2021 Fiscal Year Annual Research Report
社交不安症に対する注意に特化した治療プログラムの開発:自己注目の本質的役割の解明
Project/Area Number |
19K21009
|
Research Institution | Waseda University |
Principal Investigator |
富田 望 早稲田大学, 人間科学学術院, 講師(任期付) (30823364)
|
Project Period (FY) |
2019-04-01 – 2022-03-31
|
Keywords | 自己注目 / 生態学的経時的評価法 / 視線知覚 |
Outline of Annual Research Achievements |
今年度は、自己注目を誘発する環境側の刺激を明らかにするために、生態学的経時的評価法 (Ecological Momentary Assessment: EMA; Shiffman, Stone, & Hufford, 2008) を用いて、日常生活の社交場面で知覚される様々な刺激と自己注目との関連性を検討した。
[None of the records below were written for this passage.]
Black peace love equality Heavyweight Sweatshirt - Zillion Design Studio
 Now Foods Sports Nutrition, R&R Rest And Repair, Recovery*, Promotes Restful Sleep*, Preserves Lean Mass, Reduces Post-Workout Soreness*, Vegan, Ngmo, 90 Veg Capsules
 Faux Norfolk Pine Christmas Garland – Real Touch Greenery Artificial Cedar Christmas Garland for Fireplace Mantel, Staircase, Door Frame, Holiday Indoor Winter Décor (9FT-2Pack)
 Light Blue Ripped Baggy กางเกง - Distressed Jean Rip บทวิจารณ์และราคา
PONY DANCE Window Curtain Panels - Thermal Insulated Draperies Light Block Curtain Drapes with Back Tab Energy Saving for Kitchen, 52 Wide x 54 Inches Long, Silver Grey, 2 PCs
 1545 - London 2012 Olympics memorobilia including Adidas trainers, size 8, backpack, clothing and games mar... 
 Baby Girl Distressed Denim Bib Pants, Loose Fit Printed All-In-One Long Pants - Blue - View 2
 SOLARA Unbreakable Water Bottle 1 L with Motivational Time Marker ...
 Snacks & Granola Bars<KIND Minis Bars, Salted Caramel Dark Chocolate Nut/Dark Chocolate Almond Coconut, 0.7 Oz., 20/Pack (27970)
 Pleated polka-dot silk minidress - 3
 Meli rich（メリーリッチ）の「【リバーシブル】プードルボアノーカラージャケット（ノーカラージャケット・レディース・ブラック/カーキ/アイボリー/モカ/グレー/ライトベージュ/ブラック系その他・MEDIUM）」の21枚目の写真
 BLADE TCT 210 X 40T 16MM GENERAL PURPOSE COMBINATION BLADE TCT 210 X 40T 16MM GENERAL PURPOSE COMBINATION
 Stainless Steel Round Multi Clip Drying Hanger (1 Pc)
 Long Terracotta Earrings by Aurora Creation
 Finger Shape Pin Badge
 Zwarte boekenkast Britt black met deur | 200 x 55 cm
Liebowitz Social Anxiety Scale 日本語版 (LSAS-J; 朝倉他, 2002) が30点以上の大学生と大学院生22名を対象として、WebアンケートによるEMA調査を10日間実施した。具体的には、アンケートのURLが記載されたEメールを1日3回参加者に送信し、回答時から過去5時間以内に経験した社交場面、社交場面で知覚した9個の刺激、自己注目の程度について回答を求めた。調査の結果、分析対象となる321回分の回答が得られた。各刺激を独立変数、自己注目を従属変数としたマルチレベル重回帰分析等を行った結果、「他者からの視線」、「他者からの評価」、「権威のある人」が知覚されると身体感覚への自己注目が生じやすく、上記に加えて「知り合いの人」が知覚されると観察者視点による自己注目が生じやすいことが示された。特に視線については、視線への恐怖度に関わらず、2種類の自己注目を高めることが示された。 さらに、これまでの研究成果である、自由にスピーチをするような状況で自己注目が生じた際に右の前頭極が賦活されることを示した研究や、自己注目に特化した注意訓練法を開発し社交不安症状への効果を示した研究について、論文投稿を行い学術誌に掲載された。